The EPA last month sent a letter to Attorney General William Schneider saying a Maine law that bars alewives, or river herring, upriver of the Grand Falls dam violates the federal Clean Water Act, and that Maine should take action to allow alewives upriver of the dam. Advocates of restoring alewives to the river’s full watershed had hoped the EPA’s letter would force the state to open the dam’s fish passages and allow the fish upriver.
But in his response, Schneider wrote that the law, known as the alewife law, is valid, and that the state never intended to apply it for purposes of the Clean Water Act. That stance is opposed by the Conservation Law Foundation, which has sued the EPA in hopes of giving alewives full river access.

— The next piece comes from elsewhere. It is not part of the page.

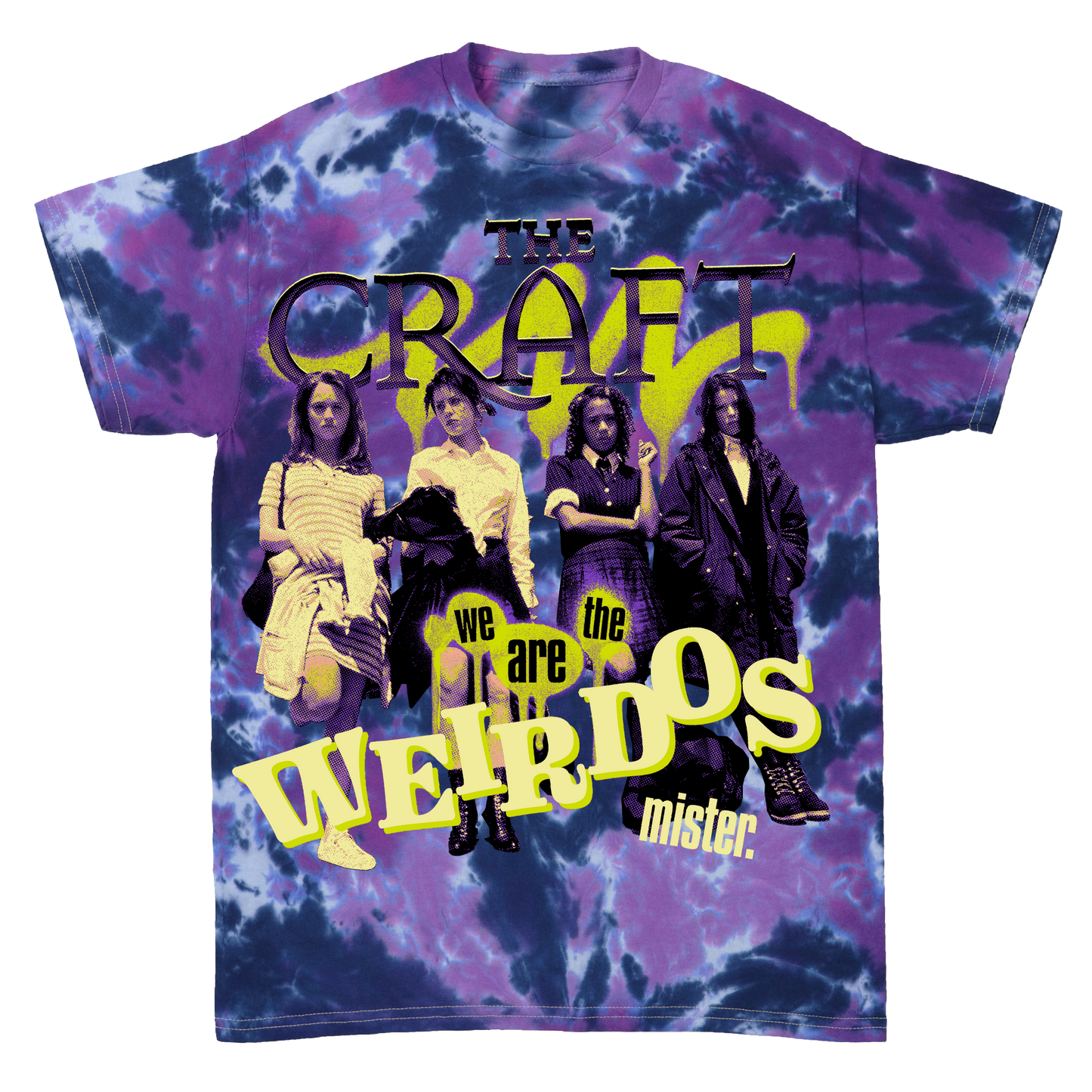 WEIRDOS TIEDYE (COLOR OPTIONS AVAILABLE, LIMITED!)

“The state has always regarded the alewife law as a fisheries management measure with meaning and effect only in that context; it has never considered the statute to be a CWA water quality standard,” Schneider wrote.
Schneider’s letter is the latest step in an ongoing dispute about whether alewives should be allowed full access to the St. Croix River, which serves as a boundary between Maine and New Brunswick.
The Boston-based Conservation Law Foundation filed a lawsuit against the EPA in May to require the agency to force Maine to allow the fish to return to their natural habitat above the Grand Falls dam. The CLF claimed that not doing so violates the Clean Water Act.
The Passamaquoddy Tribe and other groups have also pushed to have the river opened to alewives.
Alewives were effectively barred from the river for more than 150 years because of dams and pollution. But with cleaner waters and fish passages on the dams, millions of fish returned to the river in the 1980s, with the annual run growing to more than 2.5 million fish.
At the request of Maine fishing guides, legislators in 1995 enacted a law ordering the fish passages at the Grand Falls dam and the downstream Woodland dam to be closed to alewives. The guides maintained that alewives posed a threat to smallmouth bass populations — and by extension to the guides’ livelihoods — in lakes and streams in the St. Croix River watershed.
Lawmakers passed another law in 2008 allowing the fish to pass above the Woodland dam, but not above the Grand Falls dam 9 miles upstream.
Alewife advocates say the fish are good for the ecosystem, would serve as a bait source for lobstermen, don’t compete with bass populations and should be allowed to return to their native habitat in full.
The state supports a compromise plan that has been proposed to the International St. Croix Watershed Board, Schneider wrote in his letter to the EPA. That plan would let alewives return to a limited area of the river above the Grand Falls dam in a slow controlled manner that would allow for an increase in number over time while their impact on the ecosystem could be monitored.
Sean Mahoney, the head of the Conservation Law Foundation’s Maine office, said he opposes the plan supported by the state because it sharply limits how many alewives could go above the dam and how far they could go upriver, while subjecting them to strict monitoring that could halt their restoration for any of a number of reasons.
“We need to resolve our federal lawsuit with the EPA, which we’re in the process of,” he said. “Assuming this is the state’s final word, we’re going to have to look at the prospect of litigation against the state, which we were hoping we wouldn’t have to.”